Friday, 31 August 2012

Top of the Pox

It's all about The Roxy this week, ITV's short-lived chart show which bothered the TV schedules between 1987 and '88. Another Tyne Tees production, this one was clearly set up to rival Top of the Pops - even going as far as to snaffle Kid Jensen from the Pops presenting team - but The Roxy never even began to capture the public's imagination. It failed at the first hurdle, really, by having an instantly forgettable sax-laden theme song. Here it is, followed by a short link from Jensen and some anonymous Northern Irish bloke.

Another area where they went wrong was by not using the Gallup UK Top 40 - i.e. the only one that anyone paid attention to or cared about - as their chart of choice, instead plumping for the Network Chart, a sort of independent local radio Aldi version. Here's "Kid" with the Top 10 rundown from 9th June 1987. Hilariously, he refers to George Michael's (admittedly risible) I Want Your Sex as "the controversial cut" (at least I think he says "cut"!), as saying the actual title on early-evening TV would've clearly sent the country into disarray.
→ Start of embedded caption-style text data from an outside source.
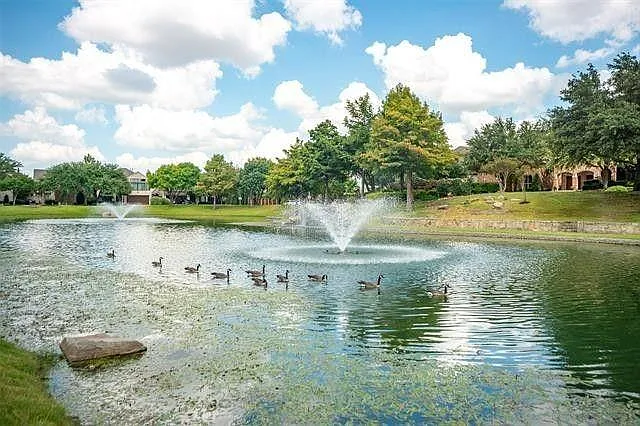 40 Emerald Pond Dr — Photo 29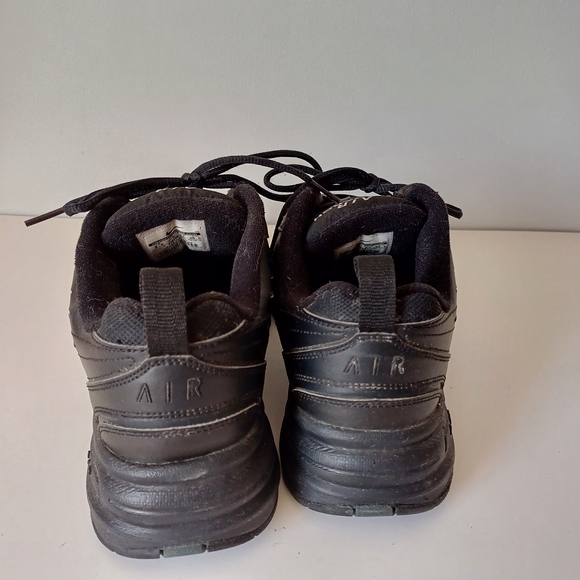 Nike AIR MONARCH Black Athletic Shoes Sleek Design Size 8.5 - Picture 3 of 6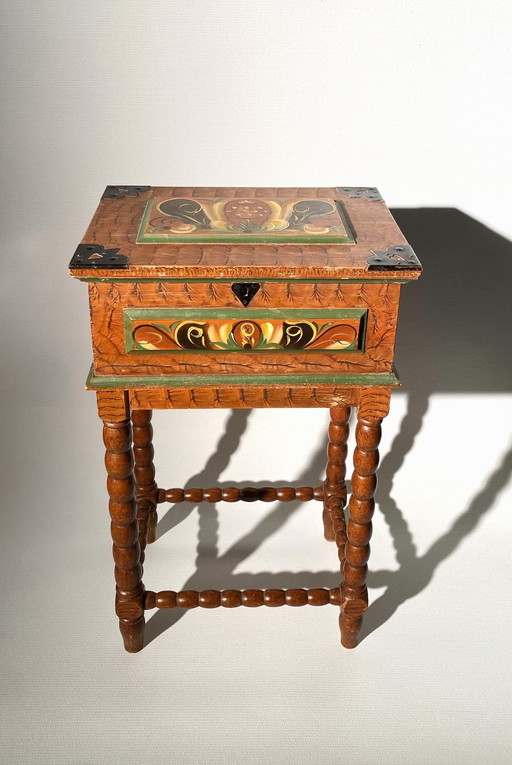 Dalarna Sewing Table, Swedish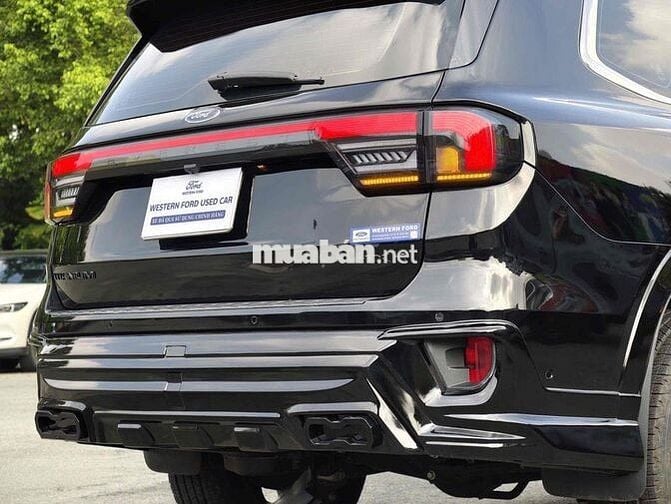 Everest Titanium 4x4 Full Đen ,2028 lướt 28 ngàn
So far so mediocre. But oh look! It's one-hit wonder Taja Savelle miming along to Love Is Contagious. This performance is notable for two things: 1) Her remarkable hair. It's utterly transfixing. She's like a good-looking Medusa. & 2) She's sitting down! At least for the first minute she is. Then, just when you're starting to think that maybe she's a Paralympic popstrel or sommat, she stands up and proves that those legs do work after all. Thank gawd for that.

As it says on screen there, Taja was yet another Prince protege. It's funny how the purple pervert only ever seemed to write singles for especially good-looking girlies. Why, it's almost as if he had some sort of agenda!

Finally, here's Depeche Mode & Never Let Me Down Again featuring a midriff-baring Dave Gahan. I'm surprised Prince never wrote a song for him as well*.

*No I'm not.

Anyway, that's about it for The Roxy. Plunged into the middle of a pretty uninspiring pop landscape and up against a programme with over two decades of history, it was always going to be doomed from the start. Mind you, it didn't help that, much like this post, it was all a bit half-arsed really. I'm just sorry for wasting all our time here. Poxy Roxy!